Segment Start: Given data
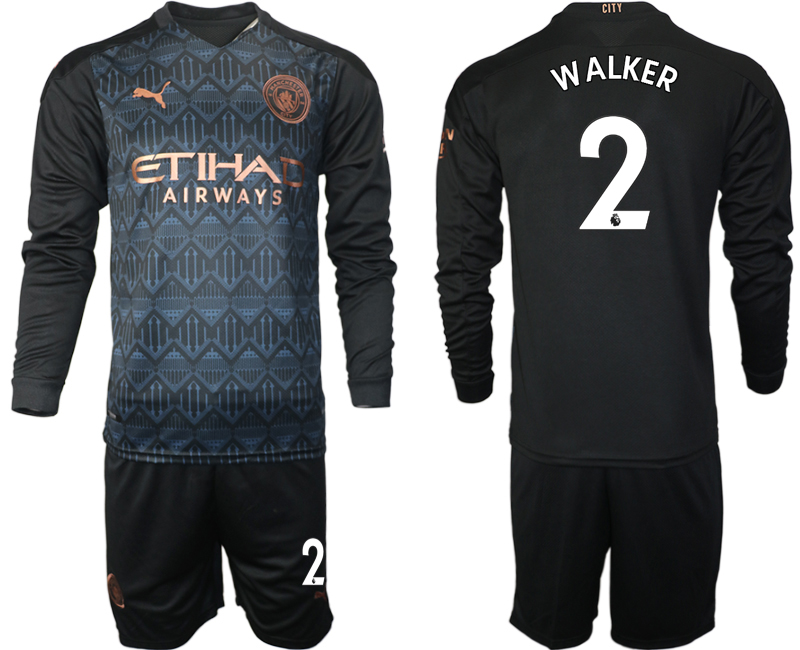 2020-21 Manchester city away 2# WALKEP black long sleeve soccer jerseys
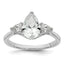 14k White Gold 1 7/8 carat Certified Lab Grown Diamond VS+ F+ Pear Complete Three Stone Engagement Ring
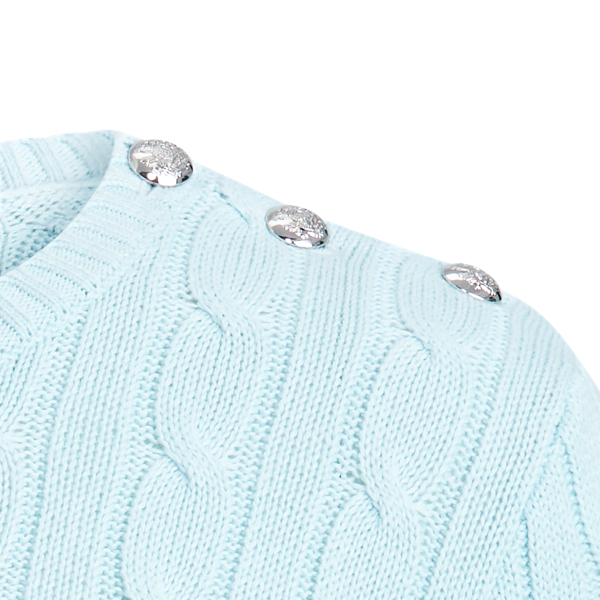 Pale Aquamarine Button-Trim Cable Sweater Lauren 5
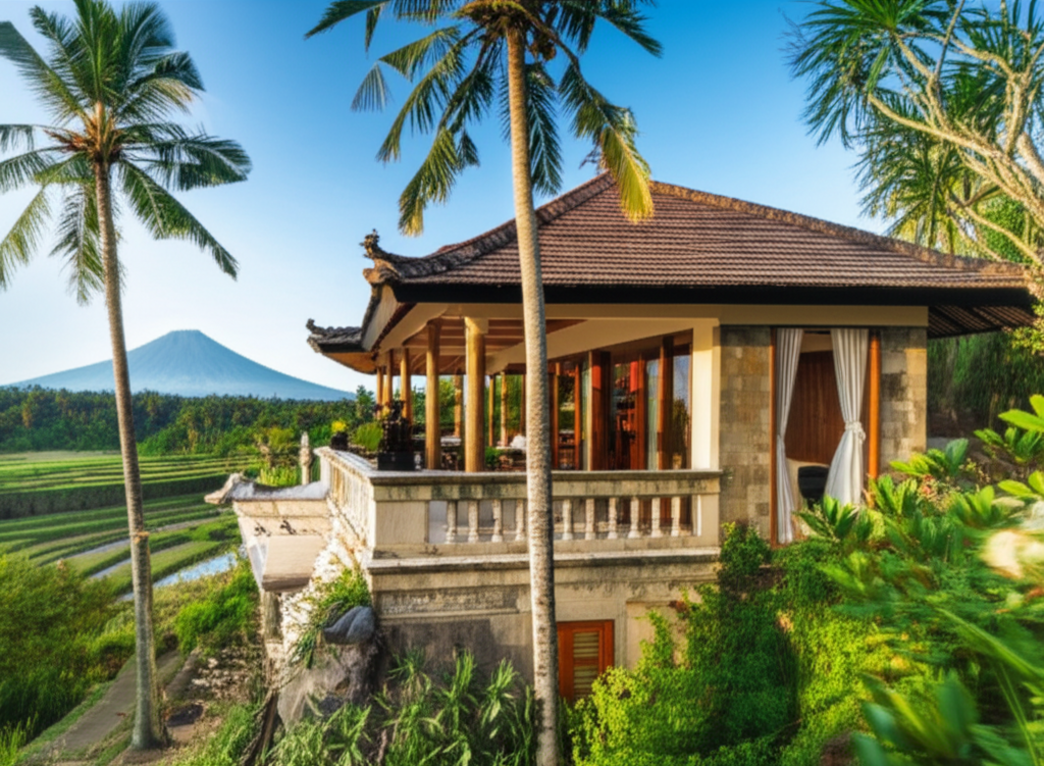 A stunning newly built luxury villa in Bali, featuring traditional architecture, a lush tropical garden, and a clear blue sky, symbolizing expert construction and a dream island home.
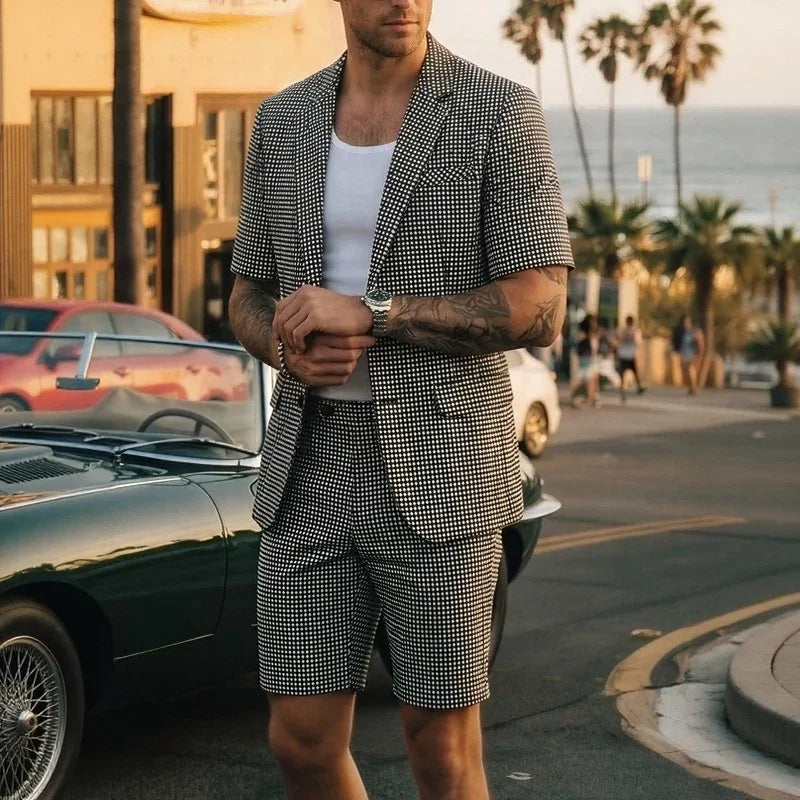 Montreux™ Tailored Suit Set with Short-Sleeve Blazer and Classic Checkered Shorts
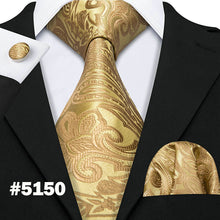Load image into Gallery viewer, LUXURIOUS BLUE PAISLEY SUIT TIE 100% SILK MEN TIE FOR WEDDING BUSINESS BARRY.WANG NECKTIE HANDKERCHIEF MENS DRESS TIES LS-5057
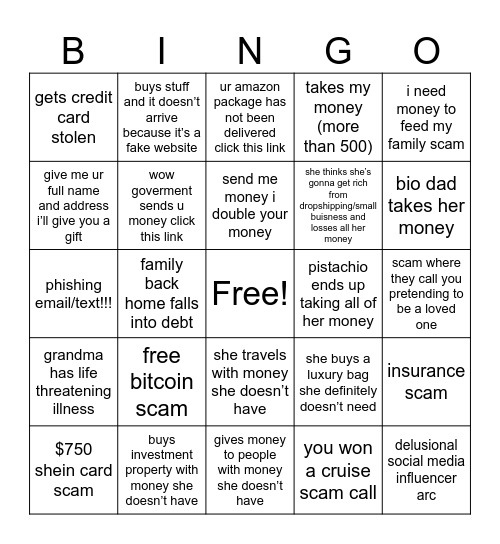 things that will happen to my mom Bingo Card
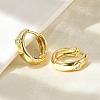 Flat Round Brass Micro Pave Clear Cubic Zirconia Hoop Earrings EJEW-D311-100G-2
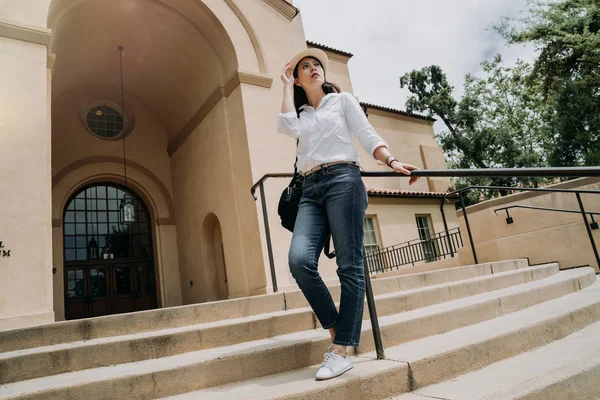 Full Length Elegant Charming College Girl Standing Stairs Relaxing Handrail — Stock Photo, Image
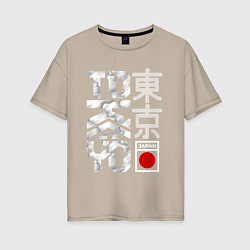 Женская футболка оверсайз Токио типографика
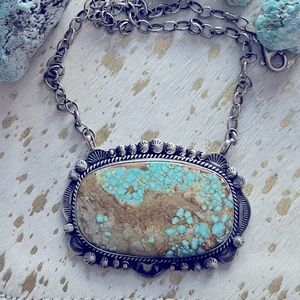 Tom G. Number 8 Plate necklace sterling & Turq.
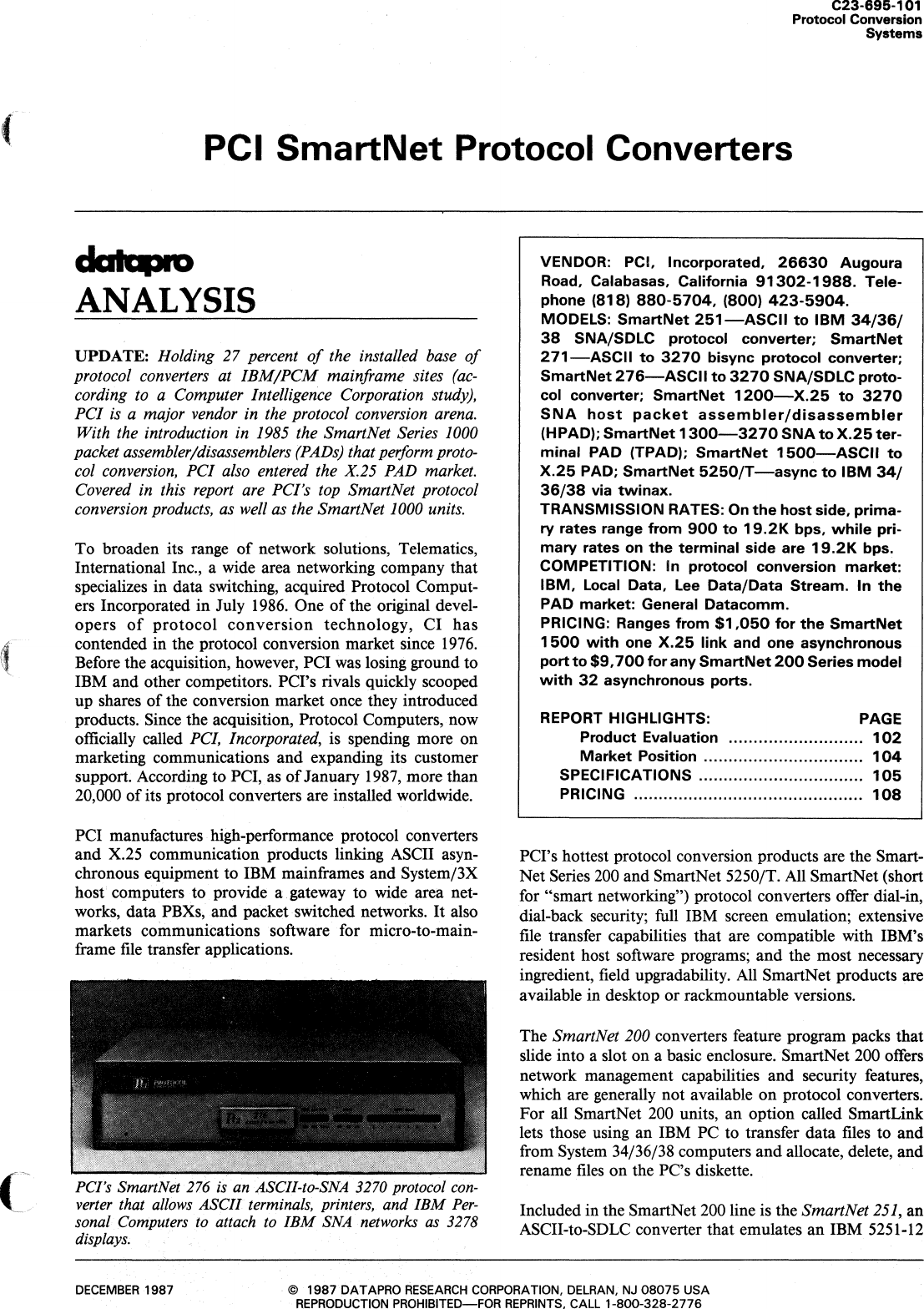 Page 5 of 12 - C23-695_PCI_Smart Net C23-695 PCI Smart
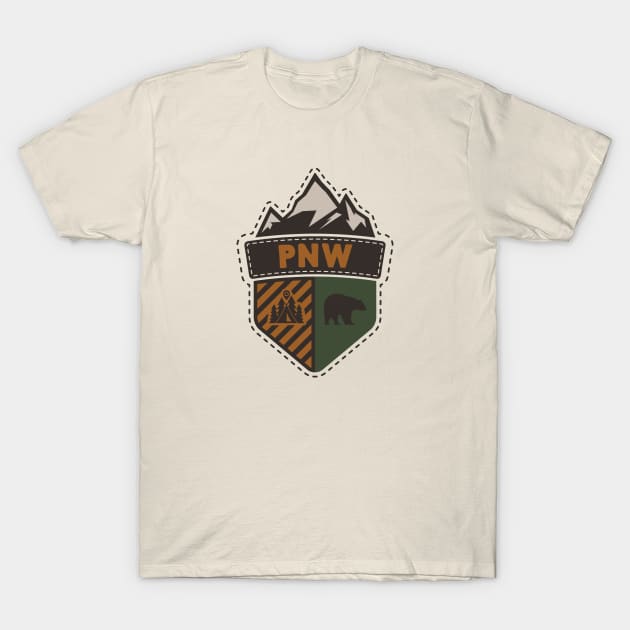 PNW Adventure Badge T-Shirt by happysquatch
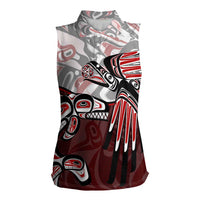 Haida Orca and Eagle Battle Women Sleeveless Polo Shirt Canada Pacific Northwest Tribal Art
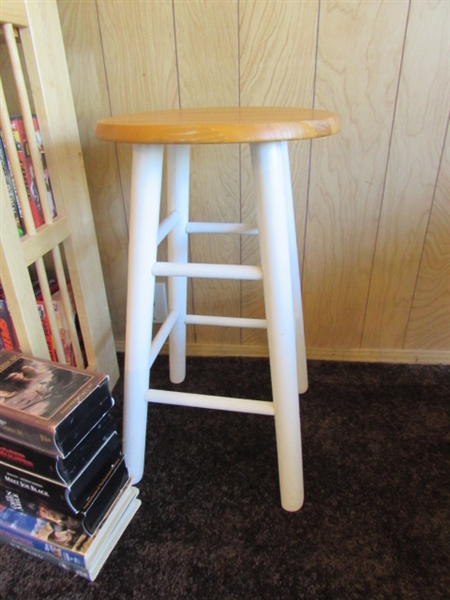 SMALL FOLDING SHELF UNIT, WOOD STOOL & OVER 130 VHS & DVD MOVIES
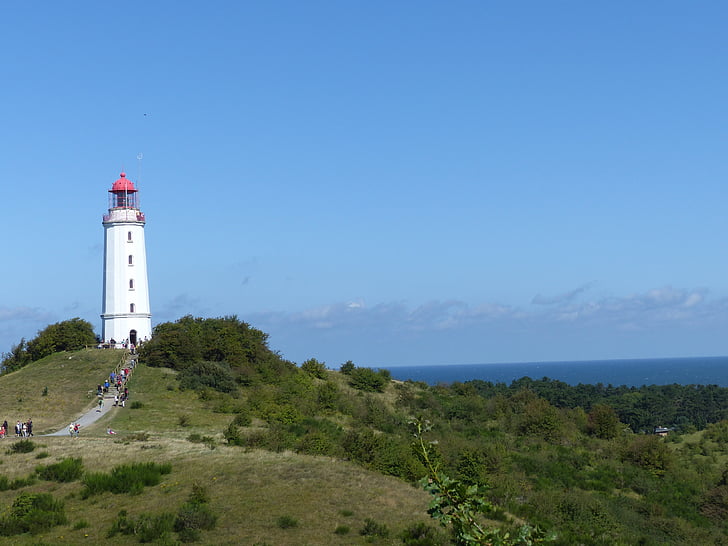 lighthouse, sea, north sea, hill, mountain, tourists, seaside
Segment End: Given data
### Exercise
Set down, word for word, the line that holds "Tom G. Number" and all lines after it to the end of the entries above, but not the pictures.

### Solution below
 Tom G. Number 8 Plate necklace sterling & Turq.
 Page 5 of 12 - C23-695_PCI_Smart Net C23-695 PCI Smart
 PNW Adventure Badge T-Shirt by happysquatch
 Haida Orca and Eagle Battle Women Sleeveless Polo Shirt Canada Pacific Northwest Tribal Art
 SMALL FOLDING SHELF UNIT, WOOD STOOL & OVER 130 VHS & DVD MOVIES
 lighthouse, sea, north sea, hill, mountain, tourists, seaside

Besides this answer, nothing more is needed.